It seems priorities have shifted. Parking and good security have moved up to join period features at the top of the wish-list. Buyers would rather compromise over the size of garden than take on a place where parking is awkward or the security negligable.
At the same time modern housing itself has changed significantly. Builders have responded to many of the faults which previously put buyers off. External design has improved, ceilings have got higher, cornices have been introduced and the standard of fittings is now extremely high. The specification on a new range of pounds 500,000 houses at Compton Heights near Guildford, Surrey includes oak windows, doors and skirting boards, a safe, a burglar alarm, dishwasher, washing machine, dryer, American style double fridge/freezer, TV points in every room, fax line in the study and a landscaped and stocked garden of a third of an acre plus. The advantages that new build always offered - of convenience and up-to-date services - have also risen up the buyer's priority list. With working hours longer, people would rather spend their weekends playing golf than tiling the bathroom.
The builders who have profited most from this shift in attitude are those at the top of the new-build market. They have had the good fortune to be in the one market sector where buyers have outnumbered sellers in recent years. Many disappointed bidders for period houses have ended up on new developments instead.
Berkeley Homes, market leader in the five-bedroom, three-bathroom, three- reception room house, sold more than 1,400 additional homes and saw pre- tax profits rise 31 per cent in the last financial year. Volume builders such as Barratts have scored their greatest successes with flagship developments like Lakeside Grange in Weybridge, Surrey and Barratts' current site on the Thames at Chiswick, west London. Rialto is moving into this market with the launch of their "diamond collection".
The flight up-market means builders are fighting for the prime development land, while no one is interested in secondary sites. As a result the price gap between the best and the rest is growing. In north Leeds - one of the buoyant sectors of the UK housing market - Cluttons have seen the gap widen to more than pounds 250,000 an acre. If builders are to get a good return on these expensive sites they have to build expensive houses.
Nowhere has the wheel of fashion turned faster than in London. Buyers in the capital now have a choice between new houses, apartment blocks and ultra trendy warehouse conversions where once the only choice was an old terrace. For those who can afford it the period house is still prized, but the classic flat conversion, with its partition walls and poor common parts is no longer the home of young buyers' dreams.
Neville Casingena of Goldschmidt and Howland in north London says British house buyers will still pay handsomely for a stucco-fronted period terrace, but for flat buyers the position has changed. "In the last 10 years there have been a number of good quality, modern blocks built in Hampstead and Belsize Park, he said. "Apartment buyers are more than ever becoming attracted to the convenience of new build schemes - practicality and security overcoming the sentimental feeling attached to their Victorian and Edwardian counterparts."
There are many for whom style outweighs convenience. They were once to be found behind the walls of a traditional terrace. Now they are more likely to be in a warehouse conversion or loft development where space is more important than specification.

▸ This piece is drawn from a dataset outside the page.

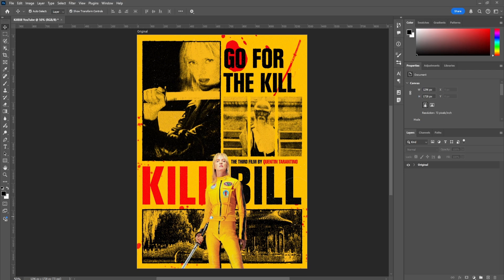Hey guys, welcome to yet another YouTube video. Today we're going to be designing this poster that you're seeing on screen right now. I actually made a short about this poster a while back and a lot of you have requested me to make a tutorial on how I designed this, so that's exactly what we're going to do today.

This is the wooden-floor brigade who prefer their homes new on the inside, rather than the outside. Many of the purchasers in this niche market are late first-time buyers or couples without children.

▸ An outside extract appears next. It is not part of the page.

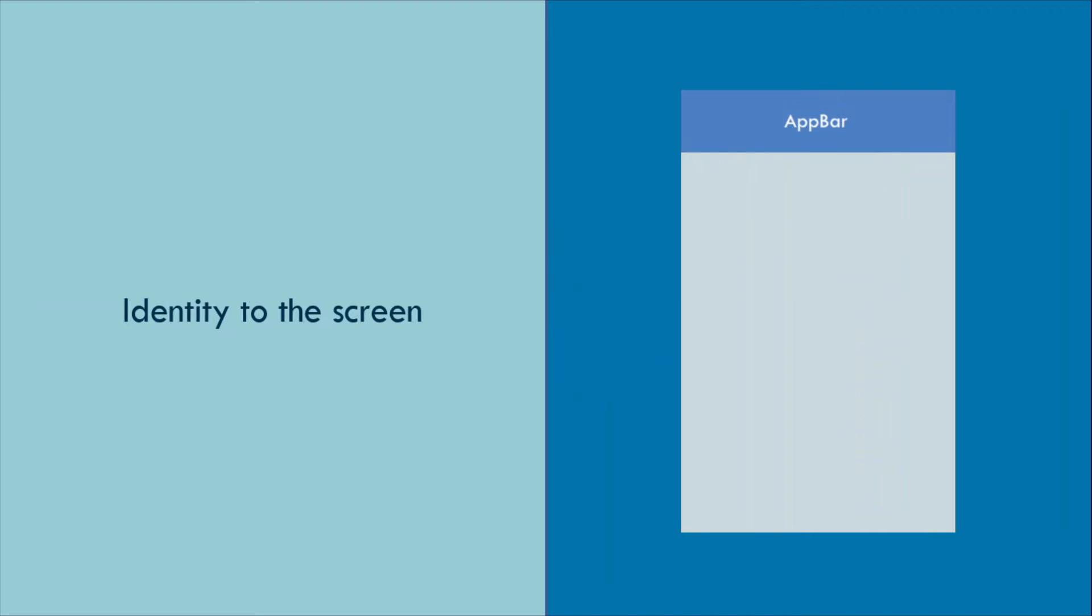The app bar is the first widget the user sees in the screen. It gives an identity to the screen.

Regalian is aiming its new development on the Regent's Canal at Camden squarely at this market. The company has converted an old gin factory, Gilbey House, into 76 flats around a central canopied courtyard. The show flat has been designed by Collett Zaraycki Champion, the interior design world's answer to The Conran Shop, and there is a gym and sauna on the ground floor. Prices start at pounds 120,000.
The converted industrial building has become the fashionable option for people who want to live in the heart of the city. It has coincided with an equally strong move towards self-building by those whose hearts are in the country. The self-build movement has grown by around 6 per cent a year throughout the Nineties. At least 11,000 people now build their own homes each year, according to VAT returns, though that is thought to represent around half the true figure. Build It magazine, the self- builder's bible, has a circulation of between 18,000 and 20,000, which would seem to confirm that level of activity.
To some self-builders a house is more a way of life than a building with various facilities. But the majority are regular mainstream buyers who simply want to choose the design and lay-out of their home. One of the biggest problems both kinds of self-builders face is finding a plot. This is probably one of the reasons so few wealthy British people aspire to the American ideal of building their own mansion.
But that could change. Ian Stewart of Savills has detected a growing interest in high quality modern country houses. "My prediction is for a general 5 per cent per year rise in country house prices over the next five years, with a fashion swing of 20 per cent in favour of good modern country houses," he says. "I believe that a quality modern country house will be recognised as a civilised way to live. For the main stock of older houses, standards of repair and condition will have to be raised. Buyers will simply not be prepared to pay for tired, poor quality finishes."